Lemma 81.19.1. In Situation 81.2.1 let $X, Y/B$ be good. Let $f : X \to Y$ be a flat morphism of relative dimension $r$. Let $\mathcal{L}$ be an invertible sheaf on $Y$. Assume $Y$ is integral and $n = \dim _\delta (Y)$. Let $s$ be a nonzero meromorphic section of $\mathcal{L}$. Then we have

\[ f^*\text{div}_\mathcal {L}(s) = \sum n_ i\text{div}_{f^*\mathcal{L}|_{X_ i}}(s_ i) \]

in $Z_{n + r - 1}(X)$. Here the sum is over the irreducible components $X_ i \subset X$ of $\delta $-dimension $n + r$, the section $s_ i = f|_{X_ i}^*(s)$ is the pullback of $s$, and $n_ i = m_{X_ i, X}$ is the multiplicity of $X_ i$ in $X$.

**Proof.**
Using sleight of hand we will deduce this from Lemma 81.16.1. (An alternative is to redo the proof of that lemma in the setting of meromorphic sections of invertible modules.) Namely, let $q : T \to Y$ be the morphism of Lemma 81.17.3 constructed using $\mathcal{L}$ on $Y$. We will use all the properties of $T$ stated in this lemma. Consider the fibre product diagram

\[ \xymatrix{ T' \ar[r]_{q'} \ar[d]_ h & X \ar[d]^ f \\ T \ar[r]^ q & Y } \]

Then $q' : T' \to X$ is the morphism constructed using $f^*\mathcal{L}$ on $X$. Then it suffices to prove

\[ (q')^*f^*\text{div}_\mathcal {L}(s) = \sum n_ i (q')^*\text{div}_{f^*\mathcal{L}|_{X_ i}}(s_ i) \]

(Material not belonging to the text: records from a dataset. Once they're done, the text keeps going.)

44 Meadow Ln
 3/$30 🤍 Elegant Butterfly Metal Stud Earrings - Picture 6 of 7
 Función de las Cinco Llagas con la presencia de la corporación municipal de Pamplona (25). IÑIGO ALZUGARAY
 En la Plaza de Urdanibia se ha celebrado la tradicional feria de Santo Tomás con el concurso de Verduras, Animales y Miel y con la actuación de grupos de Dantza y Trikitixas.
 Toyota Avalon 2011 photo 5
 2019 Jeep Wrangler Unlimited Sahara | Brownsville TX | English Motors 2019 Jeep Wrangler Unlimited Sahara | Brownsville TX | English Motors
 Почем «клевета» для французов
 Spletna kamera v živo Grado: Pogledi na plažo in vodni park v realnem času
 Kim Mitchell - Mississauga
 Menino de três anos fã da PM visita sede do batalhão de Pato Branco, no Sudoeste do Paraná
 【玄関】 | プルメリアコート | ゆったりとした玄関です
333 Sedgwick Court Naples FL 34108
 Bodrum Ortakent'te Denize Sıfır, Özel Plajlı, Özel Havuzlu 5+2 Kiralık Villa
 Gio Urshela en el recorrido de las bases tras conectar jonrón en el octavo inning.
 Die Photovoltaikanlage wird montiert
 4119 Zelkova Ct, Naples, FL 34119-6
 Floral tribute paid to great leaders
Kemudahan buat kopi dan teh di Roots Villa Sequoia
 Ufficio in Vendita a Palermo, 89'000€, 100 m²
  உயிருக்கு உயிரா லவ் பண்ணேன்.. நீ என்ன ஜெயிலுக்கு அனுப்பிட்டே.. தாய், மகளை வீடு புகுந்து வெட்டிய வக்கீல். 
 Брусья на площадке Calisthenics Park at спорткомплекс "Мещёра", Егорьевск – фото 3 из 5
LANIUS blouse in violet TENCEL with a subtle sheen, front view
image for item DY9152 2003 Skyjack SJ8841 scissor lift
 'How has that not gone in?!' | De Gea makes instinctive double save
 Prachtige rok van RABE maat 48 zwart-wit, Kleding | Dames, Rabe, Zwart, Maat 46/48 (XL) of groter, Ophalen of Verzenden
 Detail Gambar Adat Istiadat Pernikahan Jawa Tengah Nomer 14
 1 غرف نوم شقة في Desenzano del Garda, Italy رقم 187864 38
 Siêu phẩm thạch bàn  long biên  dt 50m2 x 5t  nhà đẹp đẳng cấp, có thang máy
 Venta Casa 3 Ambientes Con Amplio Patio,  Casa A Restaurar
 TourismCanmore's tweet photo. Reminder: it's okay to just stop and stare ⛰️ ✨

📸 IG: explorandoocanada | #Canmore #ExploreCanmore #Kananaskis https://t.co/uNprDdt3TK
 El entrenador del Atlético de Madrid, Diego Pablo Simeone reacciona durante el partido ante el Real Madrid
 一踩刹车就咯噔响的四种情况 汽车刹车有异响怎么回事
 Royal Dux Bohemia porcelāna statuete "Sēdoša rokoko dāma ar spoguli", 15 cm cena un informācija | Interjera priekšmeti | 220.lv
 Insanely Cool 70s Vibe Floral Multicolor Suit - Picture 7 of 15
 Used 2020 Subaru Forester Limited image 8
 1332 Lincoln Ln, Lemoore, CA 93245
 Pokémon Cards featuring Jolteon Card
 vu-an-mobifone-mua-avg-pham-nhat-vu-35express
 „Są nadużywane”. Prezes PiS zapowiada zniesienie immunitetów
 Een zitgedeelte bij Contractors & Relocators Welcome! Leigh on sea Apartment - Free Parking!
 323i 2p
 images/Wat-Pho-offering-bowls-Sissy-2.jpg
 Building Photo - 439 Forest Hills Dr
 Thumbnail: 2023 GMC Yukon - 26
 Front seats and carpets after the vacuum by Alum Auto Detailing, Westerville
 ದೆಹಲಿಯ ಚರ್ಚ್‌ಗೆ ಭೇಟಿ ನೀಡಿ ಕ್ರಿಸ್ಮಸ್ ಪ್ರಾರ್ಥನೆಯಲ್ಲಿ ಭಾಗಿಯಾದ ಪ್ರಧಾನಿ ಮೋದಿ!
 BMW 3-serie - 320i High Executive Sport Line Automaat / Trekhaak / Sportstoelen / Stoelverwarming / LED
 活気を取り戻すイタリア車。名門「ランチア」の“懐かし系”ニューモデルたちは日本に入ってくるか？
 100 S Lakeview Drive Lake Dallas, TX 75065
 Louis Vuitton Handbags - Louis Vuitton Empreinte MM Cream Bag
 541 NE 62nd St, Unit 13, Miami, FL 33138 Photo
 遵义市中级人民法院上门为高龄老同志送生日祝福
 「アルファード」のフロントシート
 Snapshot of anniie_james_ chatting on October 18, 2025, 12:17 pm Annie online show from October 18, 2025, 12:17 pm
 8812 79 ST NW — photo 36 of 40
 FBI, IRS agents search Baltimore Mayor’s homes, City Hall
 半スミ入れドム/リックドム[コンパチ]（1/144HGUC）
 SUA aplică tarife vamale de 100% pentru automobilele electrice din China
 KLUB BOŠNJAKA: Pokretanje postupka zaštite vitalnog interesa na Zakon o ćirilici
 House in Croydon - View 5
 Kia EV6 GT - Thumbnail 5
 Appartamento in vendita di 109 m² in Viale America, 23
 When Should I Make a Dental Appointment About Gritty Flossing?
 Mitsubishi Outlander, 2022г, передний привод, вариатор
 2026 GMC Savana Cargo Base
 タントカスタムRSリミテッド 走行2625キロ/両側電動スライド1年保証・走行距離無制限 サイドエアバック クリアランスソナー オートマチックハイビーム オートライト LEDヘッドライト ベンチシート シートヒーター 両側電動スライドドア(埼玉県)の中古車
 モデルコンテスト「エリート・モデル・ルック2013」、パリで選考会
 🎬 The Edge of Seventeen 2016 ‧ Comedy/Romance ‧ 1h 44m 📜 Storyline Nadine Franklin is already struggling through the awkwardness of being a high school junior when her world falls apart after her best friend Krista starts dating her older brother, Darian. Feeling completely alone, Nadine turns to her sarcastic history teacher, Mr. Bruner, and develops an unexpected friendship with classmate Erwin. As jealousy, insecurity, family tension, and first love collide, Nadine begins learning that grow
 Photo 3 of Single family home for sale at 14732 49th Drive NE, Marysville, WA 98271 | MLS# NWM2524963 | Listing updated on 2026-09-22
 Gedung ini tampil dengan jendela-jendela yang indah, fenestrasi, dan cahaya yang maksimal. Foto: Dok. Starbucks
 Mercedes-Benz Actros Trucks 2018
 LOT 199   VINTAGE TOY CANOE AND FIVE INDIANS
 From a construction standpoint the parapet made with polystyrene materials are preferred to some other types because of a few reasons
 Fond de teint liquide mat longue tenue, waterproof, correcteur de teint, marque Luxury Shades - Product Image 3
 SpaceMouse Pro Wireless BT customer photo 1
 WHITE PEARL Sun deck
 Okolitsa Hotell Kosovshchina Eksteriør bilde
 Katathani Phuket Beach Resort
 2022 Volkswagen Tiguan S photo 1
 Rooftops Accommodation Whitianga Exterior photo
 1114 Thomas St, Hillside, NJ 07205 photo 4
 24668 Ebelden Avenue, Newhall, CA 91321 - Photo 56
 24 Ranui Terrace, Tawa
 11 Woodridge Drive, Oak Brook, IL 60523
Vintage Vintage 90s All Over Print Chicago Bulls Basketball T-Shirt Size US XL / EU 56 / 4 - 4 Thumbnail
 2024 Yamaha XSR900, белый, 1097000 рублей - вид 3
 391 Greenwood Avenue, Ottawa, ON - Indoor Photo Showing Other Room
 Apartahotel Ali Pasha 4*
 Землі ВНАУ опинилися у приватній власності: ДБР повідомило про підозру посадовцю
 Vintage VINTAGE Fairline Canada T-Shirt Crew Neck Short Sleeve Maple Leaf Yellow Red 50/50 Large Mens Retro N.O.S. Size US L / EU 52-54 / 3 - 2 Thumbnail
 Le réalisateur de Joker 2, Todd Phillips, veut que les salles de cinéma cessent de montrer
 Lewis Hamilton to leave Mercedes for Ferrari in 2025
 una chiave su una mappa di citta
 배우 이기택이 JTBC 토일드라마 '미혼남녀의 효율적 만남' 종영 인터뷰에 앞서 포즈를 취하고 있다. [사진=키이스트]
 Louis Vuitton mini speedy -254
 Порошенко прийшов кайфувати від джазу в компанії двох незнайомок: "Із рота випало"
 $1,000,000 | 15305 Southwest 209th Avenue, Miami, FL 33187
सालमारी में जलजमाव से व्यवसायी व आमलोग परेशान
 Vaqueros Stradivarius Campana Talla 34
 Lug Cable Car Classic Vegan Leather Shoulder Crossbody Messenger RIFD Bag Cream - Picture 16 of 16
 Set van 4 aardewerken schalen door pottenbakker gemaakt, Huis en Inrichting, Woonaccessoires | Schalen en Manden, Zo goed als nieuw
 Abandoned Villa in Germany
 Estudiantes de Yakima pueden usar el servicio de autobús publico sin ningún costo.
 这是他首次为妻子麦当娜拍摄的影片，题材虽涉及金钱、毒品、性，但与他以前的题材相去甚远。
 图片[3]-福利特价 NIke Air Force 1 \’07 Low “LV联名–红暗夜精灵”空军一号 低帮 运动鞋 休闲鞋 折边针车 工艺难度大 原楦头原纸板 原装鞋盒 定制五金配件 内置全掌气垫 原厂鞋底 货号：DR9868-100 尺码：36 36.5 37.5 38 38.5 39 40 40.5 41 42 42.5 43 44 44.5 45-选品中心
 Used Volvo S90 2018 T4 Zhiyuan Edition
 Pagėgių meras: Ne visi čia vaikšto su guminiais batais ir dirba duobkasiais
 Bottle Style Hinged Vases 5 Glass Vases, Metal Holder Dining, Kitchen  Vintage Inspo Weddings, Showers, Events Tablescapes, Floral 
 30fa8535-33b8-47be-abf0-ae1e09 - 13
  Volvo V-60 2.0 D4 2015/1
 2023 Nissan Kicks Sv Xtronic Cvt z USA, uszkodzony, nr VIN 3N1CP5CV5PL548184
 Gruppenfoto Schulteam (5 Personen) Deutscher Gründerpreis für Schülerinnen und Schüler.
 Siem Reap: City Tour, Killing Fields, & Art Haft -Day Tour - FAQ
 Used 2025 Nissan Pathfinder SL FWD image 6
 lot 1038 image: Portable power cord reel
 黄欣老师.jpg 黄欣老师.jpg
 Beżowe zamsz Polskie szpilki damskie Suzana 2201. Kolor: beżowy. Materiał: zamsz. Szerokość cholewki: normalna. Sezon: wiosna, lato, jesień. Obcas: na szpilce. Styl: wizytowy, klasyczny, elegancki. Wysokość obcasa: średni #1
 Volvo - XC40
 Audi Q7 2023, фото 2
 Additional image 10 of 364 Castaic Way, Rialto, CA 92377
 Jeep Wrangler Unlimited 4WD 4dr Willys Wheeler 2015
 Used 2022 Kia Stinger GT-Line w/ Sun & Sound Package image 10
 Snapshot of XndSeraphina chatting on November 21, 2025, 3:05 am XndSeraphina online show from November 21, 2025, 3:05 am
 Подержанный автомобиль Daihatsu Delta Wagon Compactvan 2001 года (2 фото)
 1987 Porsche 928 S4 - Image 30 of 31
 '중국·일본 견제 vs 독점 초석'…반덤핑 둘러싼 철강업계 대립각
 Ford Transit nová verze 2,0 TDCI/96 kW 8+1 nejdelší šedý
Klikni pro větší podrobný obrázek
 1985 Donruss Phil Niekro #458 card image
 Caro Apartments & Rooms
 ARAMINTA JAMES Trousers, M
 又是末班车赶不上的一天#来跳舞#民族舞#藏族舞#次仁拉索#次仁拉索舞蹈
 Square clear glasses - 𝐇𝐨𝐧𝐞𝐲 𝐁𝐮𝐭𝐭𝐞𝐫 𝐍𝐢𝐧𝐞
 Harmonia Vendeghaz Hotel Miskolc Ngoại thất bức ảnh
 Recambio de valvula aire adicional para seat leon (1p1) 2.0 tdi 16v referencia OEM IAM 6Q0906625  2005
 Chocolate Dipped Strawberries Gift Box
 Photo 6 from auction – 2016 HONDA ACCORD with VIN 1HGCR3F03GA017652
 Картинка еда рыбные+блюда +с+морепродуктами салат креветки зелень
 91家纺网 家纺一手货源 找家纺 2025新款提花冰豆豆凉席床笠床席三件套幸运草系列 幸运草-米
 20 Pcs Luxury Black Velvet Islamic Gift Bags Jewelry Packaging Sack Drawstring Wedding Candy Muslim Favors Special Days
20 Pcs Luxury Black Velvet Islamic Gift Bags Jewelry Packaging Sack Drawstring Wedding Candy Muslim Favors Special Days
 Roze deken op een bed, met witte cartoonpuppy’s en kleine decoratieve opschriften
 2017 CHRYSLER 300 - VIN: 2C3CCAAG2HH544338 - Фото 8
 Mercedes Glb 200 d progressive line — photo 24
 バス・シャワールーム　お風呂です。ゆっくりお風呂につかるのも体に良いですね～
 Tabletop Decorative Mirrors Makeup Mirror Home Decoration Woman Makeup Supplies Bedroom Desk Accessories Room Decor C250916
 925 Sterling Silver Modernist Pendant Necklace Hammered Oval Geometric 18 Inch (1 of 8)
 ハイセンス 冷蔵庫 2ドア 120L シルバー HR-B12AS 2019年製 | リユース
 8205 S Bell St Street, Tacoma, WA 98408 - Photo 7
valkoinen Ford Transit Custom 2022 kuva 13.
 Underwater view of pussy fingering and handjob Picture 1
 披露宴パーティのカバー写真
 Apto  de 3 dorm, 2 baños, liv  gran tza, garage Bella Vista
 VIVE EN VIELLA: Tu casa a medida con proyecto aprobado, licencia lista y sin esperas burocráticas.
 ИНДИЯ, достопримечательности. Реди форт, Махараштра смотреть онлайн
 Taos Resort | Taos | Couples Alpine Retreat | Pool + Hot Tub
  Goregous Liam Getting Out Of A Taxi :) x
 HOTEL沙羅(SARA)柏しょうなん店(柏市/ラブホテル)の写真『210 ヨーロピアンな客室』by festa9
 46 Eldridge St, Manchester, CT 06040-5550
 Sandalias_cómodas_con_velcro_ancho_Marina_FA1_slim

Observe that $T'_ i = q^{-1}(X_ i)$ are the irreducible components of $T'$ and that $n_ i$ is the multiplicity of $T'_ i$ in $T'$. The left hand side is equal to

\[ h^*q^*\text{div}_\mathcal {L}(s) = h^*\text{div}_ T(q^*(s)) \]

by Lemma 81.17.4 (and Lemma 81.10.4). On the other hand, denoting $q'_ i : T'_ i \to X_ i$ the restriction of $q'$ we find that Lemma 81.17.4 also tells us the right hand side is equal to

\[ \sum n_ i \text{div}_{T_ i}((q'_ i)^*(s_ i)) \]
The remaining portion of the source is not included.